Many military specifications start with MIL-STD-882, but many in the industry believe that “does not meet stringent requirements in DO-178 and DO-254,” McGee says. “The process from beginning to end – each subsystem on the UAS has to be studied, along with the function that it’s going to provide and the level of criticality. Typically with DO-178 and DO-254, there are five levels of criticality, called a design assurance level. No effect is allowed to be at level ‘DAL-E’ and it works all the way up to ‘DAL-A,’; at ‘DAL-A,’ if the system fails, the craft comes out of the air.”

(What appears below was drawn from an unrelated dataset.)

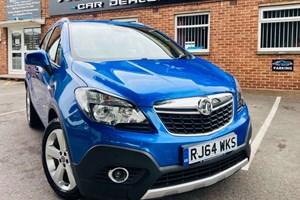 Vauxhall Mokka (12-16) 1.4T Exclusiv 5d Auto For Sale - KC KARS UK, Derby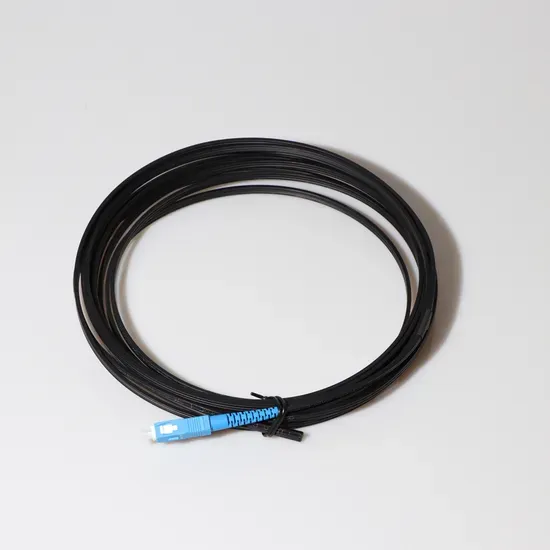 FTTH Drop Cable SC Simplex Patch Cord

The certification process is time-consuming and detail-oriented. Therefore, “we use industry standard configuration management software,” Gilliland says. “Our internal testing infrastructure is also automated. There are requirements for level A software to do what they call MCDC, which is modified condition decision coverage. When you develop your software, you must trace to all your requirements. Through all your testing, you have to verify that every path, for every logic decision that is exercised, operates the way you expect it to operate. We provide tools to verify what levels of coverage you have on the software.”

In the long run the biggest hurdles will be in the design process with collision-avoidance technology. In order to get these UASs in the air safely, Wlad says, “So far, no one has obtained approval to operate an unmanned vehicle in the national airspace without restriction. One can imagine that the significant obstacles in obtaining this kind of approval might include demonstrating that the vehicle could detect and actively avoid other aircraft as well as verification of all potential failure modes including loss of function, navigation, or control among other things. More research and development is required before the FAA will formulate further policy.

“Most of the larger unmanned aircraft today are being built by either the military or the social-networking companies,” he continues. “This means the operation of these vehicles is confined to either controlled airspace (such as Beale Air Force Base in California) or remote, restricted areas. In order to allow unmanned and manned aircraft to share the same airspace, new FAA regulations are required. For now, designers are trying to target conventional certification regulations used by Boeing and Airbus. It’s a tall order, given that many of the current regulations assume that a pilot can intervene as a last resort.”